# beetle larva in my roach colony...



## Kaddock (Apr 25, 2009)

So I found this little beetle larva in my hisser substrate... About the same color as a nymph and about the same length as my smallest ones. It is skinny and many and has a white underbelly, and many hairs. I have isolated it and gave it some gut load and a sponge... Not really sure if that's right! Any ideas on what kind of larva this is, or how to raise it? I will try to get a pic, but my cell phone takes horrible pictures...


----------



## Peter Clausen (Apr 26, 2009)

It's likely a dermestid beetle larva. You may also have seen the salt and pepper, adult beetles (tiny, head of a pin-size) on your carpet.

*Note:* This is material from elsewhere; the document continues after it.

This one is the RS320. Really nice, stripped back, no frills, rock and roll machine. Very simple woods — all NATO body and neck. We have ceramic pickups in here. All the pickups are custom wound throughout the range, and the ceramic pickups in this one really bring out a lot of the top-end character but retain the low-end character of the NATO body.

A tidy cage will prevent these from spreading. They feed mostly on the decaying soft tissue, but will chow through exoskeletons over time. I've had several dried collections decimated by these things off and on through life. Throw away the dead roaches and the beetles will disappear. If you have a dead collection of bugs in your closet you'll likely find that's the source of your problem if it wasn't the roach cage.


----------



## Kaddock (Apr 26, 2009)

That looks to be the one!  

Thanks Peter. Do you know how they may have gotten in? The substrate? Also, I am a vegetarian, and have no meat around, should I just toss an exoskeleton in the larvas enclosure if I want to raise it? Do you think they require any water? :huh:


----------



## cloud jaguar (Apr 26, 2009)

Peter, is that the same as a Larder Beetle larva? I think I had a cricket cage infested with those!


----------



## PhilinYuma (Apr 26, 2009)

Kaddock said:


> That looks to be the one!  Thanks Peter. Do you know how they may have gotten in? The substrate? Also, I am a vegetarian, and have no meat around, should I just toss an exoskeleton in the larvas enclosure if I want to raise it? Do you think they require any water? :huh:


The beetles can fly and are attracted to rotting material so that they can get married and raise a family.

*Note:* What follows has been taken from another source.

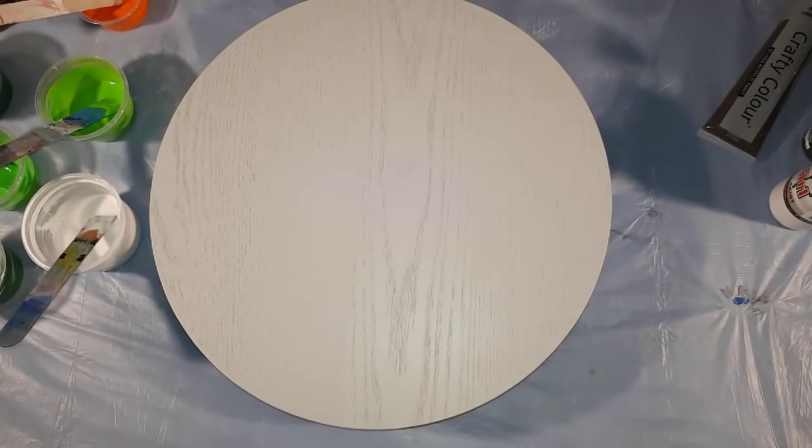Hi everyone, I'm going to do a painting tonight that is kind of based on the swell technique. I am hoping to create an orb-like painting — let's see how it goes.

They're a large family, and some are called carpet beetles (they can eat the oily material in wool carpets) pepper and salt (just one species, I think, named for the color of the adults' elytra), skin beetles, etc. I often get the larvae in with a batch of crix.

They are best known for their ability to "clean" animal bones for museum curators and taxidermists. I used them for this purpose when I was a kid, but my mum made me keep them in the barn because of the stink.

[it is so cool to be old! I can do all (most!) of the things that I enjoyed as a kid, without rents telling me, "get that stuff out of the house!]

No. They wont survive on mantis exoskeletons!

If you want to read some practical advice on how to raise them, check here: http://www.taxidermy.net/forums/IndustryAr...0419FE7872.html

And remember, Google is your friend.


----------



## Kaddock (Apr 26, 2009)

Thanks!


----------